-- Data follows --

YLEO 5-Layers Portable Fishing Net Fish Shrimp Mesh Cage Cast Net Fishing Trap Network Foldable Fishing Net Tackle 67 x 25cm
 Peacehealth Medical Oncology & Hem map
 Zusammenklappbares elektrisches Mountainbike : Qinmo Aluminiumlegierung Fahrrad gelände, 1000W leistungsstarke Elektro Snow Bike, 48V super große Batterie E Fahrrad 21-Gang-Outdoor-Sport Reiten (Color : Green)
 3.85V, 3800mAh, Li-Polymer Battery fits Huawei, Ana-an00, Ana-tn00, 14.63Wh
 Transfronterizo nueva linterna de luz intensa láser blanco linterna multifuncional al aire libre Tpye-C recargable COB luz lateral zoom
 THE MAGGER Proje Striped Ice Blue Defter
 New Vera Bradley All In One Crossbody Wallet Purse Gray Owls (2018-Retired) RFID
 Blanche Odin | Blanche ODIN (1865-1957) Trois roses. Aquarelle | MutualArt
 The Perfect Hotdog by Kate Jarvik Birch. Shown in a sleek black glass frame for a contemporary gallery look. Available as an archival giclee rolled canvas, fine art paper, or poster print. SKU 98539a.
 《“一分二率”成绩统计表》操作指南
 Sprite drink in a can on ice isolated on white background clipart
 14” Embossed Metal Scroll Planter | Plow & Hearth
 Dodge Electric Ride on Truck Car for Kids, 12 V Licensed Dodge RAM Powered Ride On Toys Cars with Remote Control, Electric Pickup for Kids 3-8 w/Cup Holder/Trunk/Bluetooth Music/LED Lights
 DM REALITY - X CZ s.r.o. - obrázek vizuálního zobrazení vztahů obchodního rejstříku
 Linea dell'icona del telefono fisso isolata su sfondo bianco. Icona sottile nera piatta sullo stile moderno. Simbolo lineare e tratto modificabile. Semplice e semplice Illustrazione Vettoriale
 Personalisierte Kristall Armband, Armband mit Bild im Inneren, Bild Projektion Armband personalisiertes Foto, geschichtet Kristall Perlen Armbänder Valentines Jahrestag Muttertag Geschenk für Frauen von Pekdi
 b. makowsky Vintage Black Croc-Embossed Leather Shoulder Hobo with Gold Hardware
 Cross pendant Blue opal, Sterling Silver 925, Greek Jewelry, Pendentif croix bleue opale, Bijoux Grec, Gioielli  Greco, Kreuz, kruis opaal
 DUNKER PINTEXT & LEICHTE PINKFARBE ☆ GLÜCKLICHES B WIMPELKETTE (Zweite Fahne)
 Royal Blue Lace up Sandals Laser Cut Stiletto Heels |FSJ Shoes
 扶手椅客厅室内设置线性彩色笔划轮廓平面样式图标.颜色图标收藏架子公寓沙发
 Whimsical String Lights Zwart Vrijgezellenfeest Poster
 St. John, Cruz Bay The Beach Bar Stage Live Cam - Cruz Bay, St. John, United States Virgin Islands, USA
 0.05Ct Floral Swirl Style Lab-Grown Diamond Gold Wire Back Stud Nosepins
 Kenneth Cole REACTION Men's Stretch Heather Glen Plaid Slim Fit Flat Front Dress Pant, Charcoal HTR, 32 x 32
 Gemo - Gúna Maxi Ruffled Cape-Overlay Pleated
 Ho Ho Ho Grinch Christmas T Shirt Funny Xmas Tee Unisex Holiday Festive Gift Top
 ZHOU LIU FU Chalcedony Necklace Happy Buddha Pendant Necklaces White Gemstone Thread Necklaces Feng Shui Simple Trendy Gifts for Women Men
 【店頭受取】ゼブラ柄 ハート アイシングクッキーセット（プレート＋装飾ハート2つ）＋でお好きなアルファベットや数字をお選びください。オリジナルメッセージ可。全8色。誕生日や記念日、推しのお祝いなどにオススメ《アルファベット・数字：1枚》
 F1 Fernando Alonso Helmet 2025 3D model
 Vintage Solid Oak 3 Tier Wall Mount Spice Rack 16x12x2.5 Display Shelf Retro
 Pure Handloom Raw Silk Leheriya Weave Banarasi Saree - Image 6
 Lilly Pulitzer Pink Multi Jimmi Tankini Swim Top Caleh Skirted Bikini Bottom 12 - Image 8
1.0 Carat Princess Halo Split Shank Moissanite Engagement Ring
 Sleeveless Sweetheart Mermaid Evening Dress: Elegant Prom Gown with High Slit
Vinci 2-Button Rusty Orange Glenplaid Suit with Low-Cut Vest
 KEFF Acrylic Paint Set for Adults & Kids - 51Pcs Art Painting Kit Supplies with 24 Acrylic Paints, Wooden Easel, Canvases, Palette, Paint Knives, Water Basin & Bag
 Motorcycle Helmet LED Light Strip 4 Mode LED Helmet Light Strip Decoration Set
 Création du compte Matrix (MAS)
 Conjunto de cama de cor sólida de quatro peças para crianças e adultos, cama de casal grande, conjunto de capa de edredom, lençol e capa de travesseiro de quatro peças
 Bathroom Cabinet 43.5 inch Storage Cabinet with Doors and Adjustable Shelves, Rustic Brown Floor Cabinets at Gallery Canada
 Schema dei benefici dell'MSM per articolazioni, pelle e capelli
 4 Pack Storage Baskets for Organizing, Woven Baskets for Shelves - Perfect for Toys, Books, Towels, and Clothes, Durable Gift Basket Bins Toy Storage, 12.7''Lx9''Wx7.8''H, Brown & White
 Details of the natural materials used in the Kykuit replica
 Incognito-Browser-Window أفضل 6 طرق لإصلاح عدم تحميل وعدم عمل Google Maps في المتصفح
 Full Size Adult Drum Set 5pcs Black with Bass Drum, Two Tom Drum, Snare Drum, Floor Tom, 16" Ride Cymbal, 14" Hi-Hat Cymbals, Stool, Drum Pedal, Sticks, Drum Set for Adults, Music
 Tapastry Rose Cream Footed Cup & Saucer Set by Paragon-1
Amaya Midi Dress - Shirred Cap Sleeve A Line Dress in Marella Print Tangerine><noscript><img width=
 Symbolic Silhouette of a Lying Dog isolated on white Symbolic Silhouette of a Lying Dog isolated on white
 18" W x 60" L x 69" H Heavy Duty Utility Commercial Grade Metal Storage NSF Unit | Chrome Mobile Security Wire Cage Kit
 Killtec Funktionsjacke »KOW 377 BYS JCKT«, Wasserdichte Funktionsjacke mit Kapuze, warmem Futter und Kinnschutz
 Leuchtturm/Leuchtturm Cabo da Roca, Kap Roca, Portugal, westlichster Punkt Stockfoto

-- Data concluded --

Search the listing above for the word "Brown", and copy every line that has it.

 Bathroom Cabinet 43.5 inch Storage Cabinet with Doors and Adjustable Shelves, Rustic Brown Floor Cabinets at Gallery Canada
 4 Pack Storage Baskets for Organizing, Woven Baskets for Shelves - Perfect for Toys, Books, Towels, and Clothes, Durable Gift Basket Bins Toy Storage, 12.7''Lx9''Wx7.8''H, Brown & White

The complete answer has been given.